Interestingly, advocating precautionary measures and wise decisions seems acceptable in other situations. For instance, due to car break-ins in my area, the local Sheriff’s Office announced a “Lock it or Lose it” campaign urging the public to make sure that they lock their vehicles so that they will not be an “easy target” for thieves. Protective behavior admits that threats exist, and it is worthwhile to employ whatever power we have over our fate to keep ourselves safe. Shouldn’t that same logic apply to sexual assault? I have received advice intended to protect me from harm throughout my life ranging from refusing rides from strangers to wearing a condom during sex. None of it was meant to hold me responsible for someone else’s actions. On the contrary, it was meant to empower me.
The criticism Yoffe and Bialik faced raises a few questions.
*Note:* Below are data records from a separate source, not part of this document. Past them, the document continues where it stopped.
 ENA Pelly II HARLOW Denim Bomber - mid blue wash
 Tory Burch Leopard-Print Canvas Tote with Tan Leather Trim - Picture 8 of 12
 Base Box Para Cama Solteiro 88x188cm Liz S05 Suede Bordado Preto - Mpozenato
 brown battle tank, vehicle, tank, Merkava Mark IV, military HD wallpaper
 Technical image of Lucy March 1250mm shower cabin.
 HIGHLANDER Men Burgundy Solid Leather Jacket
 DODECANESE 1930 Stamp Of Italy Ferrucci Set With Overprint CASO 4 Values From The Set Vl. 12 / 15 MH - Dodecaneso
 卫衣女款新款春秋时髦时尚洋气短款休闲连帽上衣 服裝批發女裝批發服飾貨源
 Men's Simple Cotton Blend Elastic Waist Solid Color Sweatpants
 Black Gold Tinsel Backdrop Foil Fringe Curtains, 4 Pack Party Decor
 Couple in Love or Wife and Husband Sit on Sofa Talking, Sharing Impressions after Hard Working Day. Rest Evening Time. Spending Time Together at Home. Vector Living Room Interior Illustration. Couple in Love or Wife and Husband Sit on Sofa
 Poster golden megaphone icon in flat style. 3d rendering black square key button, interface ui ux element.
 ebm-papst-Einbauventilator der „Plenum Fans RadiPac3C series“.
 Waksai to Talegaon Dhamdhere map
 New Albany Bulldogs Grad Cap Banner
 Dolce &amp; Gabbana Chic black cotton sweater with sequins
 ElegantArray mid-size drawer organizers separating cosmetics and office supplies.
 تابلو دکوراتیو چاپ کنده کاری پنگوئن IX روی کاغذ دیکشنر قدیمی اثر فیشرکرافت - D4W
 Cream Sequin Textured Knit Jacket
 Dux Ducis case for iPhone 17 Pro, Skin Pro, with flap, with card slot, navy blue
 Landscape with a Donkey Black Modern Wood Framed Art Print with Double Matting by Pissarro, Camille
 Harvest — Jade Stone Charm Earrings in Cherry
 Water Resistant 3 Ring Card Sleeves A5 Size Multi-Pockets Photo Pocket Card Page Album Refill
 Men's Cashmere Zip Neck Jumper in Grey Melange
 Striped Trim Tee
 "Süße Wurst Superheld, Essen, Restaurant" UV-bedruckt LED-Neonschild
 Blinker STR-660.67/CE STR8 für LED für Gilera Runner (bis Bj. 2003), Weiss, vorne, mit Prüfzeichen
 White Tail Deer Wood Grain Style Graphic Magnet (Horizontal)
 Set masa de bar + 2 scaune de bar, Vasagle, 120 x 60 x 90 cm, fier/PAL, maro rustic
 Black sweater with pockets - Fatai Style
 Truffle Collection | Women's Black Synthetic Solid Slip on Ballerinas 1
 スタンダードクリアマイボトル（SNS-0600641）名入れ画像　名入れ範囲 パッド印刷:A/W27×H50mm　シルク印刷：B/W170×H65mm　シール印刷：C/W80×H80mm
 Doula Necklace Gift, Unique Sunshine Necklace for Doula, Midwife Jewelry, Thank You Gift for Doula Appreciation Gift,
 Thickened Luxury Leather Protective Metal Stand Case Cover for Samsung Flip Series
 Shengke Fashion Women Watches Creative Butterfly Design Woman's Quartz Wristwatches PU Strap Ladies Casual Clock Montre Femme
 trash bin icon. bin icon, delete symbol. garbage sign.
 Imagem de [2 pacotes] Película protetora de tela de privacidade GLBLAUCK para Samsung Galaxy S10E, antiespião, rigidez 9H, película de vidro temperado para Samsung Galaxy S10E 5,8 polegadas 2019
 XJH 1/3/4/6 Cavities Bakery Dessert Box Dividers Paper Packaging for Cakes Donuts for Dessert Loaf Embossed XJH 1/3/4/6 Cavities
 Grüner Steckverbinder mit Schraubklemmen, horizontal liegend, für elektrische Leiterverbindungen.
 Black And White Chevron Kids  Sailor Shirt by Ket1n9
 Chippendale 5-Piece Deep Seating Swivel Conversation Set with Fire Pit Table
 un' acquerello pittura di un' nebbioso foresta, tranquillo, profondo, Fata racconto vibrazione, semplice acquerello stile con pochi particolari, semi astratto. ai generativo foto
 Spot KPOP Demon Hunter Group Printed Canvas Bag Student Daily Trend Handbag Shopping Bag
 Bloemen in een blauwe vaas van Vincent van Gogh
When is it acceptable to explore steps that individuals can take to try to reduce their odds of being victimized during conversations about sexual assault? Where is the boundary that separates victim-blaming from practical advice?
It is indisputable that the cause of sexual assault is the perpetrator, and not every sexual assault is preventable. But choices are not insignificant. In 2015, a Stanford University student named Brock Turner was caught sexually assaulting an unconscious woman after she passed out behind a dumpster following a fraternity house party. According to a written statement published by BuzzFeed, the victim said, “I made silly faces, let my guard down, and drank liquor too fast not factoring in that my tolerance had significantly lowered since college. The next thing I remember I was [on] a gurney in a hallway.” If drinking to the point of unconsciousness is unwise, then saying so is not blaming the victim. It is the truth, which might be easier to acknowledge if the victim passed out behind the wheel of a moving vehicle instead of a dumpster.
I realize that the idea that women can make choices that will completely shield them from sexual assault is a dangerous fantasy. The idea that women’s choices do not matter at all or that sexual predators will vanish tomorrow could be even more dangerous. Perhaps reducing sexual assaults will require some combination of harsher penalties for offenders, lowering barriers to reporting attacks, stressing the importance of consent and restraint, and changing the way people (mainly men) view sex and sexuality. I am not sure. But I am convinced that criticizing individuals that are attempting to offer women strategies to protect themselves possibly is a step the wrong direction. I fear that when we refuse to examine the actions of any victim leading up to sexual assault, we are sending a message that people are powerless to discourage abuse and their safety rests solely in the hands of others. That is not a message I want to send to my daughters. The cost is far too high.